If I can find the PS2 port pinout for the motherboard, a PS2 connector I can repurpose, a PCI video card, and the time, I'll see what I can manage. Unless there is an easier way I'm missing?
-
I just tried turning on TSO on re1 (the interface I always see watchdog's on) and it definitely increased the time before cat'ing /dev/random caused an error. It still happened, but it took 1-2 minutes instead of 15 seconds. During the time I was cat'ing /dev/random, I definitely did notice a performance hit - I ran a speed test before and during, got 6.5mbit before and 4mbit (consistently). Still not fixed, but this seems like progress… I'll still try to get a clean image on at some point in the next few days to see if that helps.
-
I know I've never been in the BIOS of my fireboxes, just seems strange to see those odd messages in your dmesg output.
Don't tear up a connector yet– just do a fresh flash to 2.0 and test that way and let me know.
-
Just FYI, haven't been able to reproduce timeouts on 2.0 still, using cat /dev/random. As you can see, about 40GB of traffic has come out of that interface, Not a single watchdog timeout on 2.0.
LAN interface (re2)
Status up
MAC address 00:90:7f:32:8a:94
IP address 192.168.1.1
Subnet mask 255.255.255.0
Media 100baseTX <full-duplex>
In/out packets 41004200/41004169 (2.63 GB/41.24 GB)
In/out packets (pass) 41004169/64873580 (2.63 GB/41.24 GB)
In/out packets (block) 31/0 (3 KB/0 bytes)
In/out errors 0/0
Collisions 0Have you tried a fresh default flash of 2.0 yet?</full-duplex>
-
The problem still exists after a clean reinstall. Tested against 2009-04-25 17:12 build, with the following configuration:
- Added to /boot/loader.conf:
hw.ata.ata_dma=0 - Configured interfaces (set WAN=re0, set LAN=re1, configured IP/netmask on re1)
- Configured DHCP (reservations, address range, domain name, NTP server)
Cat'ing /dev/random still causes watchdog errors within 15-20 seconds. ACPI errors still show in dmesg. I also reset BIOS settings to defaults (via front LCD panel), with no noticeable changes.
- Added to /boot/loader.conf:
-
Any particular reason you're editing loader.conf and adding hw.ata.ata_dma=0? Like I said, Im using all defaults– the only other diff that I can see between you and me (besides the ACPI error) is that you are using re1 for LAN, and I am using re2 (normally I leave re0 and re1 in case I have multiple WANs-- my re1 is empty currently).

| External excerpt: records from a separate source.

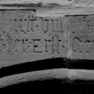 Portalsturz mit Bauinschrift, Detail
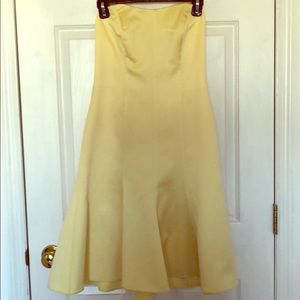 Yellow dress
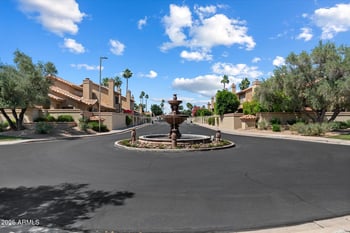 7760 Pepper Tree Ln, Scottsdale, AZ 85250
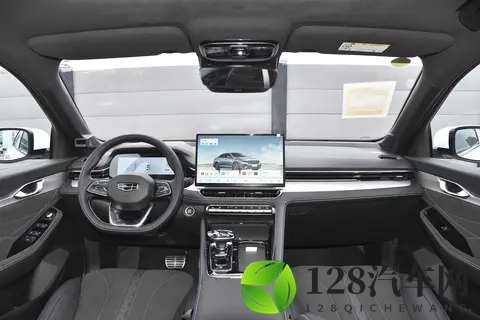 中国品牌燃油车也有竞争力！试驾吉利星瑞全新东方曜，值得一看-3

What is your LAN interface plugged into (a switch I presume? what kind)? My re2 (LAN) is plugged directly into my laptop with a crossover cable. I have also changed speed/duplex settings on my laptop during tests last week just to be sure there isn't a problem with a particular speed, and there is not.
Would it be possible to plug your LAN interface directly into a computer (via crossover) to take the switch out of the equation?
I am still puzzled by the ACPI errors in your dmesg output-- I have 3 firebox x5/7/1000 series units, and none of them have that error during bootup.
-
Ok, so I just flashed a 2.0 image, and changed my LAN interface to be re1 instead of re2–- guess what? watchdog timeouts.
-
That is odd, because I changed my LAN interface to re2 and still had watchdog timeouts. I haven't yet had a chance to connect directly without a switch, to see if that makes any difference. I'm currently running a Linksys SD2008, which is a 8-port unmanaged gig switch - By this weekend I'll probably have a Cisco 2950-24 sitting inline between the Firebox and Linksys. I'll update this thread with the results of direct vs Cisco vs Linksys, once I get to test.